#### ACTION ITEM
After locating the line that contains "Analili Pink Abstract" in the data below, set down exactly that line and each one after it through the line that contains "TAF韓國直郵㊣女士新品人氣休閑職業25秋冬真品時尚夾克羊駝TAF夾克", and nothing more.

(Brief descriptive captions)

══════════

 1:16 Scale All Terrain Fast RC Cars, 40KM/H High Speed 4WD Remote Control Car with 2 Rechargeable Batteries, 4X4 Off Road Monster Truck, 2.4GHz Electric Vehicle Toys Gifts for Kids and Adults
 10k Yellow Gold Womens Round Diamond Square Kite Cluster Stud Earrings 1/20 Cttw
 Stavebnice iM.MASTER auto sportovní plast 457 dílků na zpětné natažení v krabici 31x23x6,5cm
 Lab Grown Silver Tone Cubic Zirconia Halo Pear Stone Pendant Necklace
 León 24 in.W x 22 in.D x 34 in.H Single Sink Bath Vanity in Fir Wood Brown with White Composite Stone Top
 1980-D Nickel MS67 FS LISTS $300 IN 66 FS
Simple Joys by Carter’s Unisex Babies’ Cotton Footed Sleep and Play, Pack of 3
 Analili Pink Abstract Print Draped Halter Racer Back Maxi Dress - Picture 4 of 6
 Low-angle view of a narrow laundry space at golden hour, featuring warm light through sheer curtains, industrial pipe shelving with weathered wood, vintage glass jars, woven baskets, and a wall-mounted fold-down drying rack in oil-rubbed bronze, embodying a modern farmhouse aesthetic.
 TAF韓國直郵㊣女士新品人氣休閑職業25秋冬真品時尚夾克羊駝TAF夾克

══════════

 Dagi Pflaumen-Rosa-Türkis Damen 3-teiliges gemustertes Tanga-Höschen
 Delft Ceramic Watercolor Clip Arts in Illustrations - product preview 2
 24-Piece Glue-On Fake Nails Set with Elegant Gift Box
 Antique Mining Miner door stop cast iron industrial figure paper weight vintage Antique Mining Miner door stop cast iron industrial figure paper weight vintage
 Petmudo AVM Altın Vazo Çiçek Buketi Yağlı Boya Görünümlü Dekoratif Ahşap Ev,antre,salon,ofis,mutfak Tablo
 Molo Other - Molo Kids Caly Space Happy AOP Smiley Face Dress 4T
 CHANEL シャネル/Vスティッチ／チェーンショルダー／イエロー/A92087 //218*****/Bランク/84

══════════

#### RESPONSE
 Analili Pink Abstract Print Draped Halter Racer Back Maxi Dress - Picture 4 of 6
 Low-angle view of a narrow laundry space at golden hour, featuring warm light through sheer curtains, industrial pipe shelving with weathered wood, vintage glass jars, woven baskets, and a wall-mounted fold-down drying rack in oil-rubbed bronze, embodying a modern farmhouse aesthetic.
 TAF韓國直郵㊣女士新品人氣休閑職業25秋冬真品時尚夾克羊駝TAF夾克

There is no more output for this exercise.